Brief descriptive captions:
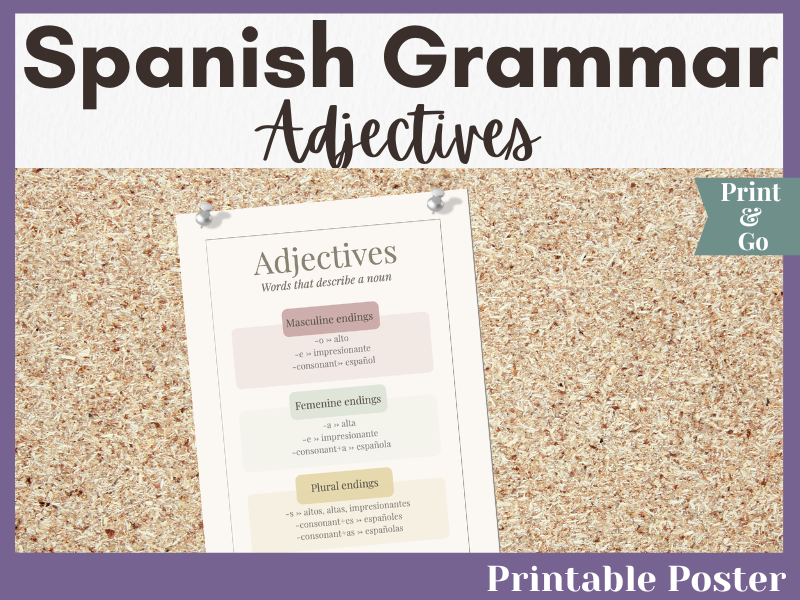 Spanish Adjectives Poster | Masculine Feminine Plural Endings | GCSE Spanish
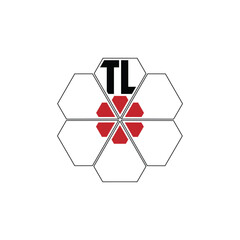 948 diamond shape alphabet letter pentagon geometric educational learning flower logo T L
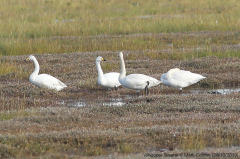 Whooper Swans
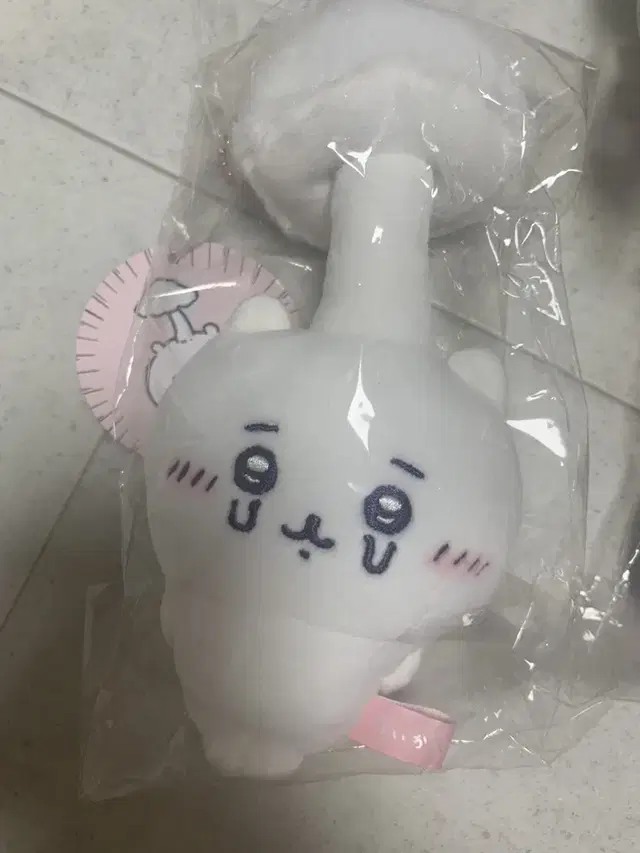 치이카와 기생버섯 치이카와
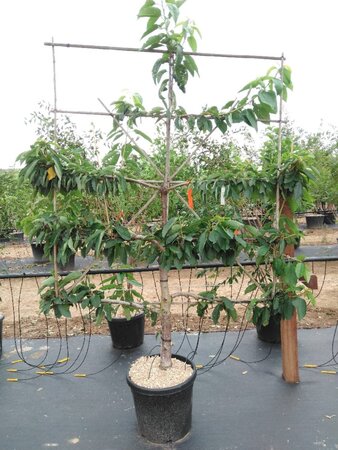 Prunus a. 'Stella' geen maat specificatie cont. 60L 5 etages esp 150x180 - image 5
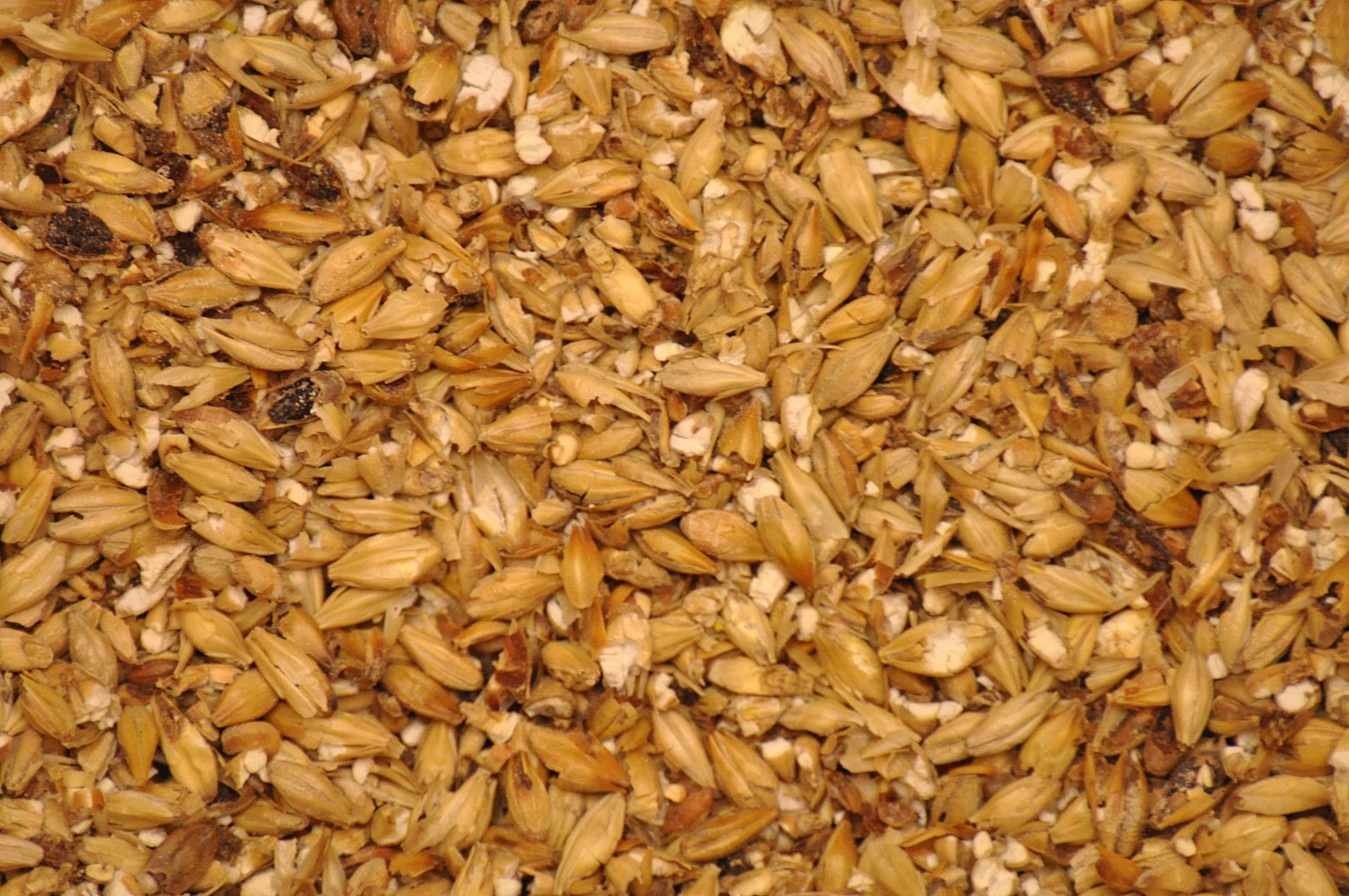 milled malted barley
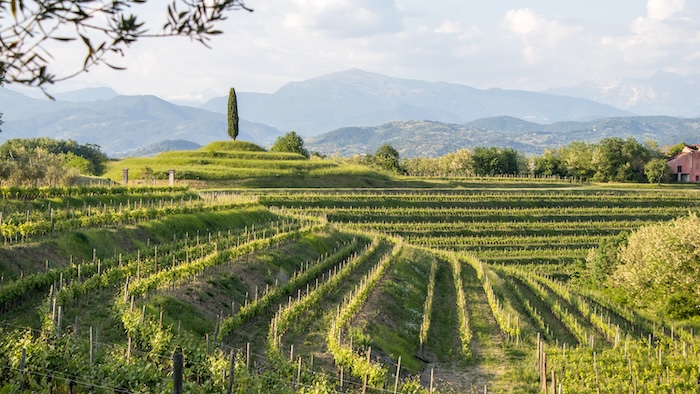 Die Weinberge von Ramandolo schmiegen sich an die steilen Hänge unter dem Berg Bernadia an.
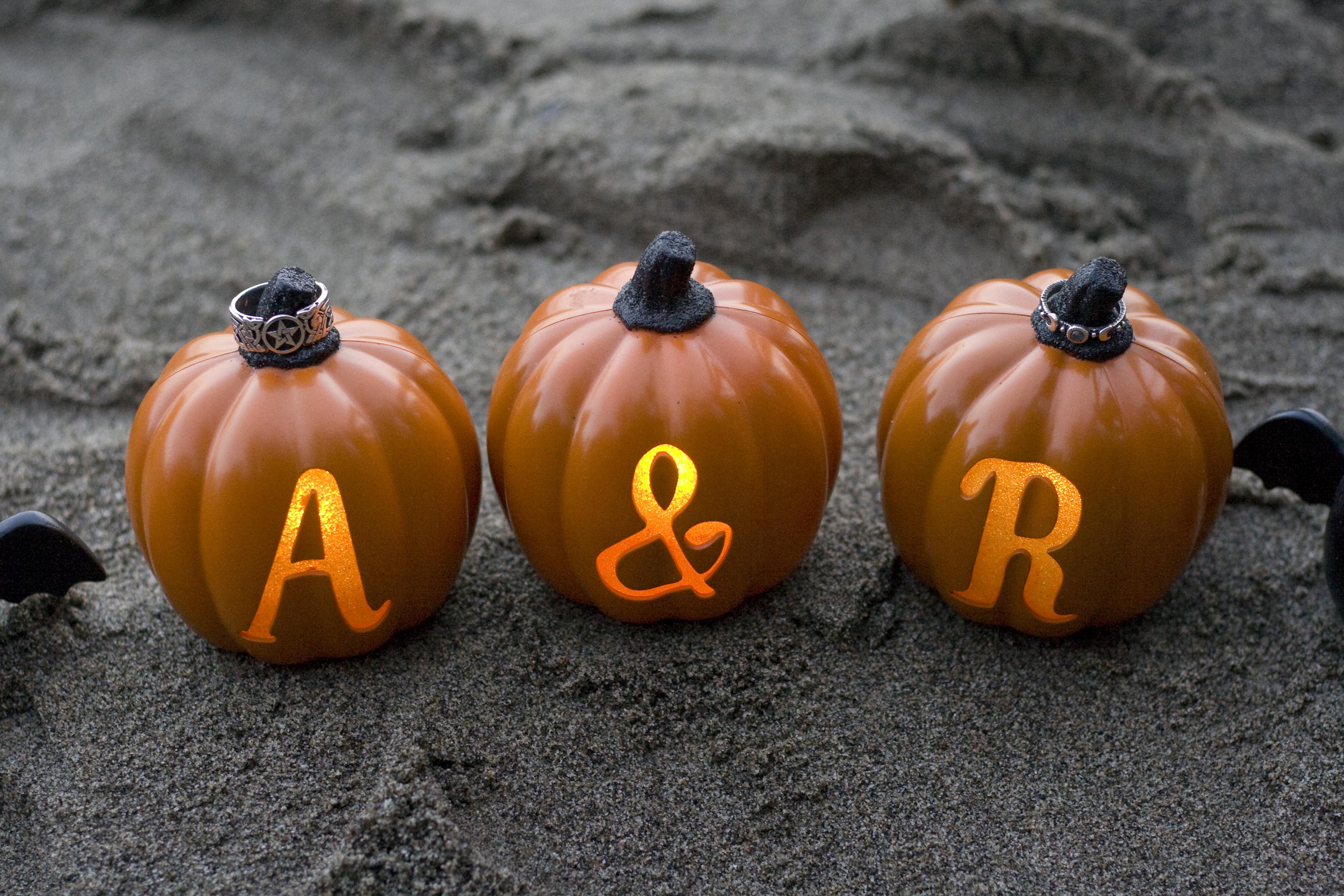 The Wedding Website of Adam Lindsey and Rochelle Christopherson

*Exercise aim*: The reply should hold every entry above, given again exactly, but not a single picture.

*Task answer*:
 Spanish Adjectives Poster | Masculine Feminine Plural Endings | GCSE Spanish
 948 diamond shape alphabet letter pentagon geometric educational learning flower logo T L
 Whooper Swans
 치이카와 기생버섯 치이카와
 Prunus a. 'Stella' geen maat specificatie cont. 60L 5 etages esp 150x180 - image 5
 milled malted barley
 Die Weinberge von Ramandolo schmiegen sich an die steilen Hänge unter dem Berg Bernadia an.
 The Wedding Website of Adam Lindsey and Rochelle Christopherson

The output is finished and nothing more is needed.